# Orange/Honey Bacon?  Can anybody help?



## bororyan (Jun 19, 2020)

So, i've been making my own pepper bacon for a while and have experimented with maple and honey too. I'm looking to try something new...

We had a Lucky's Market here that did an orange/honey bacon that was amazing. They recently closed and I was looking for a recipe to try to recreate it. Has anybody ever made anything like that? Wondering about the orange flavor and how the acid of the orange juice (I assume you would use juice) would affect the cure process.  Or maybe it isn't in the cure, but maybe basted with orange/honey sauce while smoking?
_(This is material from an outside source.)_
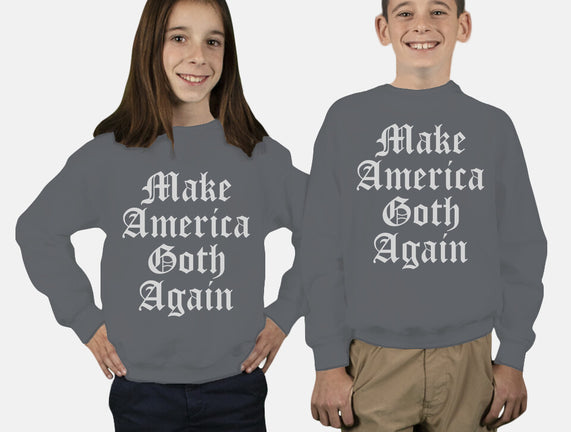 Make America Goth Again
Anybody have any thoughts or advice?


----------



## chef jimmyj (Jun 19, 2020)

In Citrus flavor anything, the majority of taste and aroma is from oils in the Zest. The Juices contribute little to the taste. Additionally, Raw or lightly cooked Zest is more flavorful than when it's cooked. Example, Fresh Squeezed OJ has a lot more depth of flavor than Pasteurized Grocery OJ.
Try running your Basic Cure, Dry or Brine, for 14 days. Rinse and dry well then coat with a Honey and Orange Zest blend. Be careful to get only the surface zest, Orange portion, and avoid any White Pith. 4 Tbs fine grated Zest in 1 Cup Honey should be enough to thin coat a 10 to 12 pound Belly twice. Coat at the beginning of the Cold Smoking and again 3/4 of the way done.
Will it be exactly what you are used to? I have no idea since I've not had what you describe. For all we know the store may have cured with Orange Extract or Orange Kool-aid Powder. The above should be a good start, then tweak if needed. Best of Luck...JJ


----------



## fivetricks (Jun 19, 2020)

Yeah, I was guessing that it was probably Tang or something like that too Jimmy. Or even an oil based orange flavoring. Something concentrated either way.


----------



## chef jimmyj (Jun 19, 2020)

Looky here what I found...JJ


----------



## bororyan (Jun 19, 2020)

Thanks JJ...appreciate it.  I'm gonna try the honey & orange zest glaze and see what happens.  I'll report back...


----------



## thirdeye (Jun 19, 2020)

A friend brings bacon from a specialty butcher shop when he visits Wyoming for hunting.  One of their flavors is garlic but I believe they must inject a garlic liquid because I'll add some garlic powder to the surface of some bacon.... but their flavor is much stronger. 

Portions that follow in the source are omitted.